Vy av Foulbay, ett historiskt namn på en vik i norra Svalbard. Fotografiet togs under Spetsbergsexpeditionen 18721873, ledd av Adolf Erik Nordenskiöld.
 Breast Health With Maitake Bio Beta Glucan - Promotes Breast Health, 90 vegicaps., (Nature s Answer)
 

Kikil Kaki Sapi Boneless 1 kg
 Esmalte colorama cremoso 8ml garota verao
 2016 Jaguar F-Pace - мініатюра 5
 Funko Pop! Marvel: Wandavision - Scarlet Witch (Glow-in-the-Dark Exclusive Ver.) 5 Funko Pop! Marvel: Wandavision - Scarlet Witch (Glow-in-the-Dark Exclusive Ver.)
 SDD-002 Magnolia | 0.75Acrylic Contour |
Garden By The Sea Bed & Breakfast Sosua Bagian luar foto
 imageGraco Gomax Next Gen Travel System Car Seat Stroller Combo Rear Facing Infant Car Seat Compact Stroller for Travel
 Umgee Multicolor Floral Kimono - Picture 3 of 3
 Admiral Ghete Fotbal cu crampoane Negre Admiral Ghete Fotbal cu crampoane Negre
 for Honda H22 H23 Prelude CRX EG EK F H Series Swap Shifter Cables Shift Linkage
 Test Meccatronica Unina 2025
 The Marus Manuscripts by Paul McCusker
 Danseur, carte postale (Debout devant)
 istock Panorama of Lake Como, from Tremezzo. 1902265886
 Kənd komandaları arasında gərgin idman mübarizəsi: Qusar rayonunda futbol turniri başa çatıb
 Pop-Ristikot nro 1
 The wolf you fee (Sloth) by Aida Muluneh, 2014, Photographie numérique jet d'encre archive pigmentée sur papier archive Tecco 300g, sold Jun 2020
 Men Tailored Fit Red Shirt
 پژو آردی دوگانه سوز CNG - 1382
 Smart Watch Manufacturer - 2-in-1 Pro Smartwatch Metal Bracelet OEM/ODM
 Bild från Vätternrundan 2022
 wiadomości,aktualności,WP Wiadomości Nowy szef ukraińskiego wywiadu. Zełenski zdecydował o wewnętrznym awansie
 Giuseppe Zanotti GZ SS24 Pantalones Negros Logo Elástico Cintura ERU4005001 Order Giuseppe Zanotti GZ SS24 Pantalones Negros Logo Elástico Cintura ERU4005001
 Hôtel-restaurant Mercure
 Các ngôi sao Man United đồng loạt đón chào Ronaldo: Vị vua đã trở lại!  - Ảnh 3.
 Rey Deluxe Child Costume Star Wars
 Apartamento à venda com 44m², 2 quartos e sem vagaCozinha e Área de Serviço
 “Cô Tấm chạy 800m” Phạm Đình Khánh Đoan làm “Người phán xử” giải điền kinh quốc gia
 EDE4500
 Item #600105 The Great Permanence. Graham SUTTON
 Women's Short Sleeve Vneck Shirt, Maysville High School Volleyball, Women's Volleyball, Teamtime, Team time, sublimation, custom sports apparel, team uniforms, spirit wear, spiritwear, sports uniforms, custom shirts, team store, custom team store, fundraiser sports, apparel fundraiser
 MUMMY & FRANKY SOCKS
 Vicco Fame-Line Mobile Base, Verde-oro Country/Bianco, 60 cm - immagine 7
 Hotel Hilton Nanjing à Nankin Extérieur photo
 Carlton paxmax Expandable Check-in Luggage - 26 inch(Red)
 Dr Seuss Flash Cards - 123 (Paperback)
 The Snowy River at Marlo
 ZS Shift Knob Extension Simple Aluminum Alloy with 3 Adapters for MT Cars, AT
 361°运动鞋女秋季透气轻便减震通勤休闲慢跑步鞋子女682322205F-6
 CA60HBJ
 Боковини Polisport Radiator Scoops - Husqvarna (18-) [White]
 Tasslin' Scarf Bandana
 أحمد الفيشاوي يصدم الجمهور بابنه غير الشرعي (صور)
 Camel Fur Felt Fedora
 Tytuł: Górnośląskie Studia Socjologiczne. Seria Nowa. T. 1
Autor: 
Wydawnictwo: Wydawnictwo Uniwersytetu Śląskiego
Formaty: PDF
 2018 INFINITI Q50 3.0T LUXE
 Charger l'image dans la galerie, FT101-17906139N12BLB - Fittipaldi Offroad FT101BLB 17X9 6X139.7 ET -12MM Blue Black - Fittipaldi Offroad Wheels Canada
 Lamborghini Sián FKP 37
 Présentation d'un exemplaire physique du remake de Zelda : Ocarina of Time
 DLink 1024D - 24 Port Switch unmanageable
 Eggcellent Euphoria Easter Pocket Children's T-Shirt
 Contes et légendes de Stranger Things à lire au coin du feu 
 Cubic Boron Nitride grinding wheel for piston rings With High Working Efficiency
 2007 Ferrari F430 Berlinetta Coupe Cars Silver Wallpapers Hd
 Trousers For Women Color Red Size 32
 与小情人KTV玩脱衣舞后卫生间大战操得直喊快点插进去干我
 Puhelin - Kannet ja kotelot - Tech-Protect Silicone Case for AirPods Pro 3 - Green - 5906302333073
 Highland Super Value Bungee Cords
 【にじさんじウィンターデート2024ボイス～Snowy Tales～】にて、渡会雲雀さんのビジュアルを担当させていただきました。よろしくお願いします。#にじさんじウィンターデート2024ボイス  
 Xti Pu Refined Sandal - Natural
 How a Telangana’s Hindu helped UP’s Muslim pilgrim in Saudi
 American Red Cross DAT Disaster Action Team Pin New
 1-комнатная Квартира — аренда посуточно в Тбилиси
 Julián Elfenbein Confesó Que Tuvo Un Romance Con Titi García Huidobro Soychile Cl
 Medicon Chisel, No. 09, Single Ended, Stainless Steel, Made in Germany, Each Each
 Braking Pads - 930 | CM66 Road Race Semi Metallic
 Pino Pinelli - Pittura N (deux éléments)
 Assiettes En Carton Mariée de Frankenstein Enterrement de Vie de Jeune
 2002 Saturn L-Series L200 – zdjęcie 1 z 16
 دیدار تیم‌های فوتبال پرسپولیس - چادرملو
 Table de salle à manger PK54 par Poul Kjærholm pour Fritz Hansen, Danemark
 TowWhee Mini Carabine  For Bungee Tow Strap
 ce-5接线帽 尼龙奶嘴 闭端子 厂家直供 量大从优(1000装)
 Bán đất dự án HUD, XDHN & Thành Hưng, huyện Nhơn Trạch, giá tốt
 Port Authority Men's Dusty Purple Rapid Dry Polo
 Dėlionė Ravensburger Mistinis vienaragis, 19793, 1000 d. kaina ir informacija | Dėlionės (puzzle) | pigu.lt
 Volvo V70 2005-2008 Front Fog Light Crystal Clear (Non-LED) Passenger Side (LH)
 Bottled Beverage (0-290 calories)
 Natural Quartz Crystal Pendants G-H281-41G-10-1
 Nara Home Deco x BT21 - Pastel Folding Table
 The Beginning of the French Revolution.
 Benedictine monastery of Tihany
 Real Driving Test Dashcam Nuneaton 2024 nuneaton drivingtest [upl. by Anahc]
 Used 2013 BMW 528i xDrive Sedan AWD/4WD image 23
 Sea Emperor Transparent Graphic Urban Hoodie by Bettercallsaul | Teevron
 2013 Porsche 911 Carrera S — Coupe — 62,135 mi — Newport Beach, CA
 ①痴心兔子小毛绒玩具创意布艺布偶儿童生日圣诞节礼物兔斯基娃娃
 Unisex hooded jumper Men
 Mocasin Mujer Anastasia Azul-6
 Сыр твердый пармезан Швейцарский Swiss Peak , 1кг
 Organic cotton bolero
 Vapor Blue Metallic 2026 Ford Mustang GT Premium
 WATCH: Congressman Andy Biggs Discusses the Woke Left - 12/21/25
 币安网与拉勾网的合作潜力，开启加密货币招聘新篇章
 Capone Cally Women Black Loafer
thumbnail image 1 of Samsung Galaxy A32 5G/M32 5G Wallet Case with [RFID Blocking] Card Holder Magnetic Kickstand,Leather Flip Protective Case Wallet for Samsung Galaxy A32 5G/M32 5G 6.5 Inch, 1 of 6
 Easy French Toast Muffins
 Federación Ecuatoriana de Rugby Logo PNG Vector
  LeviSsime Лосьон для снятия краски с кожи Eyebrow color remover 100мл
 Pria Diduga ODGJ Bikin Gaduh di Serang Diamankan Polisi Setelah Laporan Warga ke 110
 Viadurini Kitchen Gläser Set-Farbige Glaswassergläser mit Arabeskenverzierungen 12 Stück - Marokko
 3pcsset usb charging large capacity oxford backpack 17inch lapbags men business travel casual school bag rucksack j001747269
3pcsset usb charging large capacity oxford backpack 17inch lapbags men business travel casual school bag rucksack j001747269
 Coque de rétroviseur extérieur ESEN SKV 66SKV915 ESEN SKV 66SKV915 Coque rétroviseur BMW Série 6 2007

----------

**WORK REQUEST**
In the listing above, the lines from the one containing "Bán đất dự án" through the one containing "Vapor Blue Metallic" must be set down exactly, with no other lines.

**ANSWER TO THE EXERCISE**
 Bán đất dự án HUD, XDHN & Thành Hưng, huyện Nhơn Trạch, giá tốt
 Port Authority Men's Dusty Purple Rapid Dry Polo
 Dėlionė Ravensburger Mistinis vienaragis, 19793, 1000 d. kaina ir informacija | Dėlionės (puzzle) | pigu.lt
 Volvo V70 2005-2008 Front Fog Light Crystal Clear (Non-LED) Passenger Side (LH)
 Bottled Beverage (0-290 calories)
 Natural Quartz Crystal Pendants G-H281-41G-10-1
 Nara Home Deco x BT21 - Pastel Folding Table
 The Beginning of the French Revolution.
 Benedictine monastery of Tihany
 Real Driving Test Dashcam Nuneaton 2024 nuneaton drivingtest [upl. by Anahc]
 Used 2013 BMW 528i xDrive Sedan AWD/4WD image 23
 Sea Emperor Transparent Graphic Urban Hoodie by Bettercallsaul | Teevron
 2013 Porsche 911 Carrera S — Coupe — 62,135 mi — Newport Beach, CA
 ①痴心兔子小毛绒玩具创意布艺布偶儿童生日圣诞节礼物兔斯基娃娃
 Unisex hooded jumper Men
 Mocasin Mujer Anastasia Azul-6
 Сыр твердый пармезан Швейцарский Swiss Peak , 1кг
 Organic cotton bolero
 Vapor Blue Metallic 2026 Ford Mustang GT Premium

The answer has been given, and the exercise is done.